NON-GAAP DISCLOSURES

Funds from operations (“FFO”), is a widely‑recognized non‑GAAP financial measure for REITs that the Company believes when considered with financial statements presented in accordance with GAAP, provides additional and useful means to assess its financial performance. FFO is frequently used by securities analysts, investors and other interested parties to evaluate the performance of REITs, most of which present FFO along with net income as calculated in accordance with GAAP. The Company computes FFO in accordance with the “White Paper” on FFO published by the National Association of Real Estate Investment Trusts (“NAREIT”), which defines FFO as net income attributable to common stockholders (determined in accordance with GAAP) excluding gains or losses from debt restructuring, sales of depreciable property and impairments, plus real estate related depreciation and amortization, and after adjustments for partnerships and unconsolidated joint ventures.
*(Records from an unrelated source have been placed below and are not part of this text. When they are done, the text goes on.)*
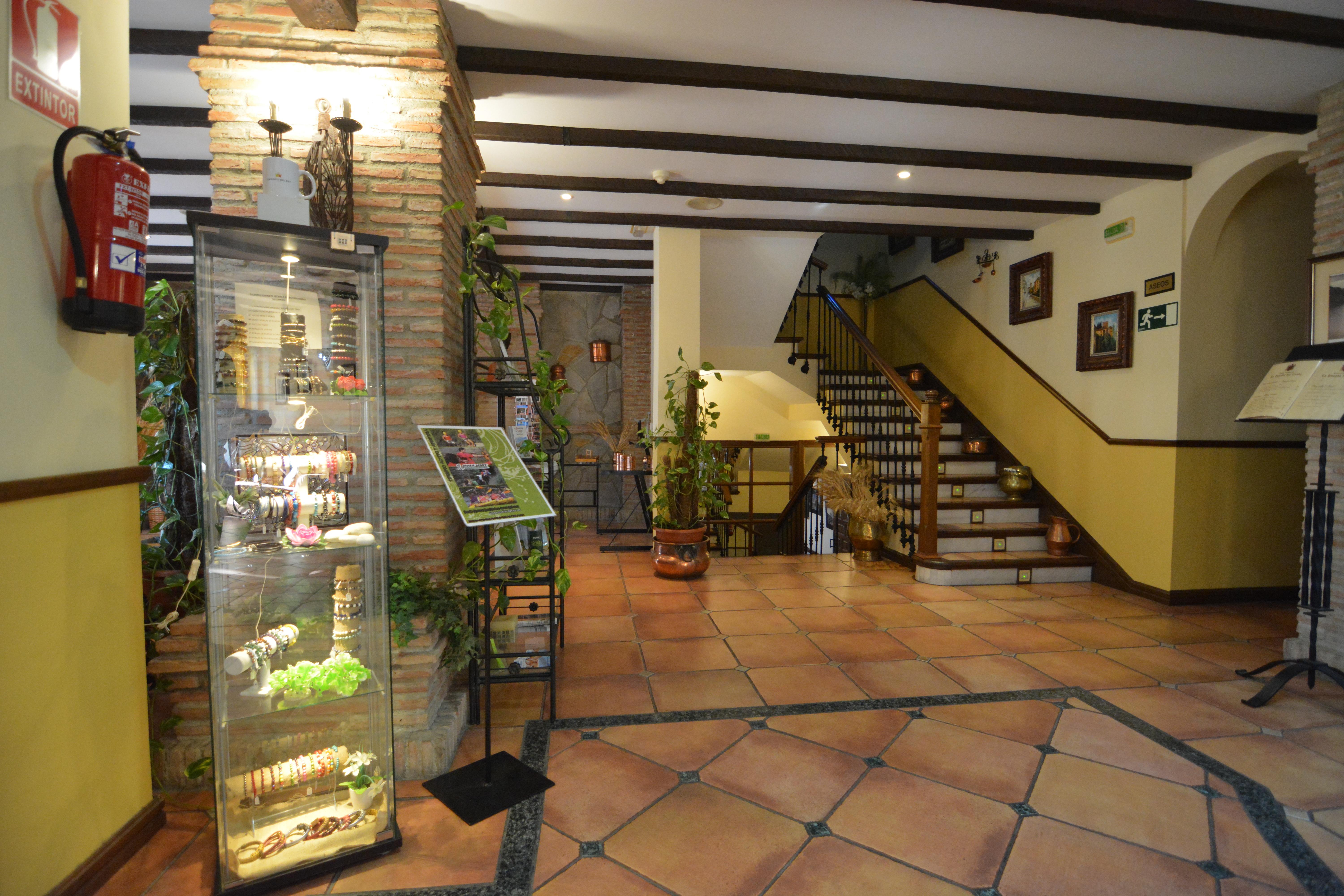 La Posada Del Conde Ardales Exterior photo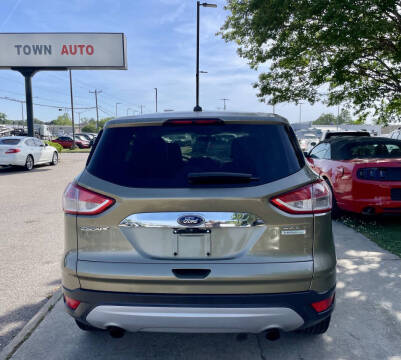 2013 Ford Escape SEL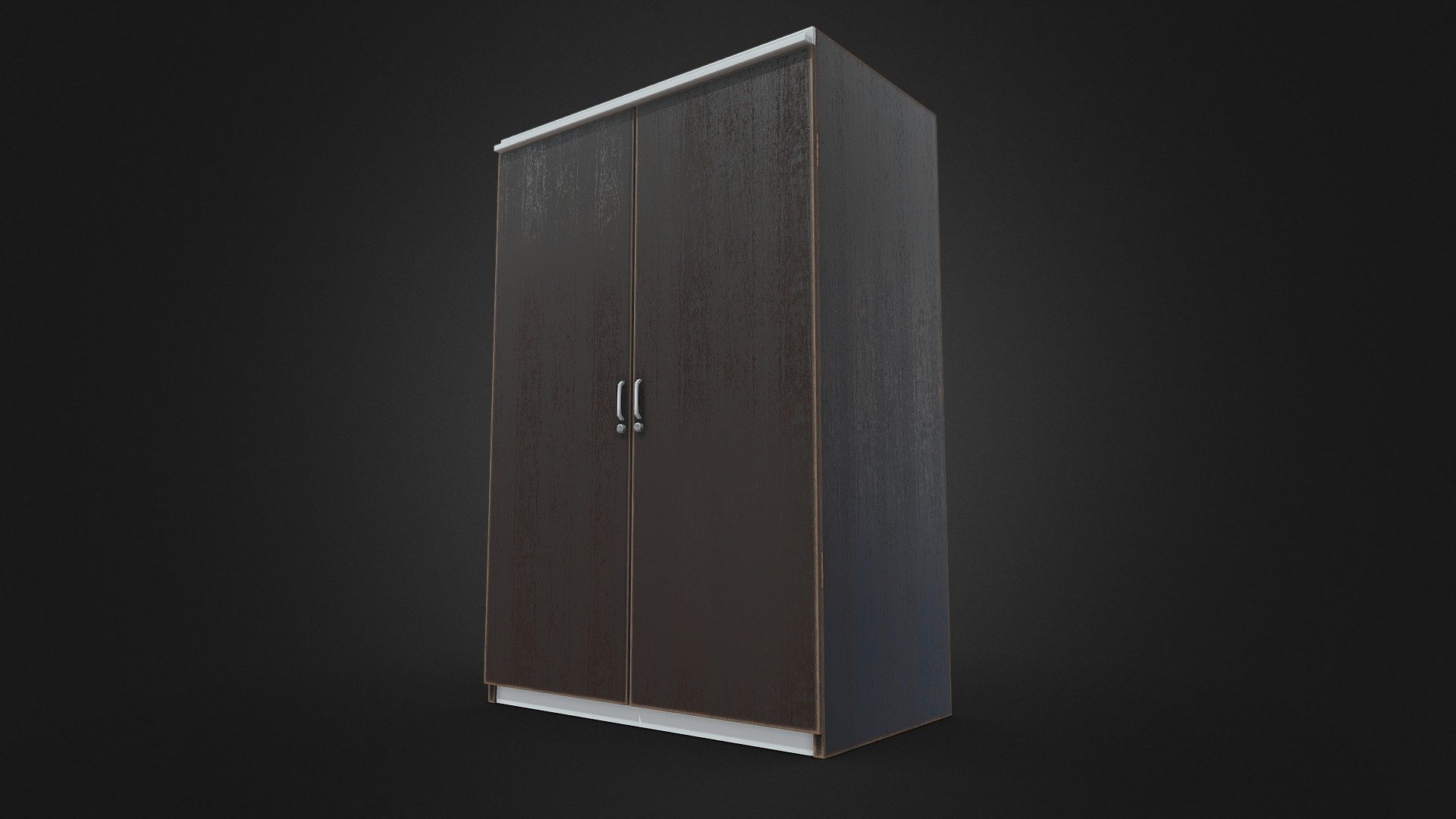 Wardrobe 3d model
The Company uses cash net operating income (“NOI”) internally to evaluate and compare the operating performance of the Company’s properties. The Company believes cash NOI provides useful information to investors regarding the Company’s financial condition and results of operations because it reflects only those income and expense items that are incurred at the property level, and when compared across periods, can be used to determine trends in earnings of the Company’s properties as this measure is not affected by the non-cash revenue and expense recognition items, the cost of the Company’s funding, the impact of depreciation and amortization expenses, gains or losses from the acquisition and sale of operating real estate assets, general and administrative expenses or other gains and losses that relate to the Company’s ownership of properties. The Company believes the exclusion of these items from operating income is useful because the resulting measure captures the actual revenue generated and actual expenses incurred in operating the Company’s properties as well as trends in occupancy rates, rental rates and operating costs. Cash NOI is a measure of the operating performance of the Company’s properties but does not measure the Company’s performance as a whole and is therefore not a substitute for net income or operating income as computed in accordance with GAAP. The Company defines cash NOI as operating revenues (base rent and recoveries from tenants), less property and related expenses (property operating expenses and property taxes), adjusted for non-cash revenue and operating expense items such as straight-line rent and amortization of lease intangibles, debt-related expenses and other adjustments. Cash NOI also excludes general and administrative expenses, depreciation and amortization, acquisition transaction costs, other expense, interest expense, gains and losses from property acquisitions and dispositions, extraordinary items, tenant improvements and leasing commissions.  Other REITs may use different methodologies for calculating cash NOI, and accordingly, the Company’s cash NOI may not be comparable to other REITs.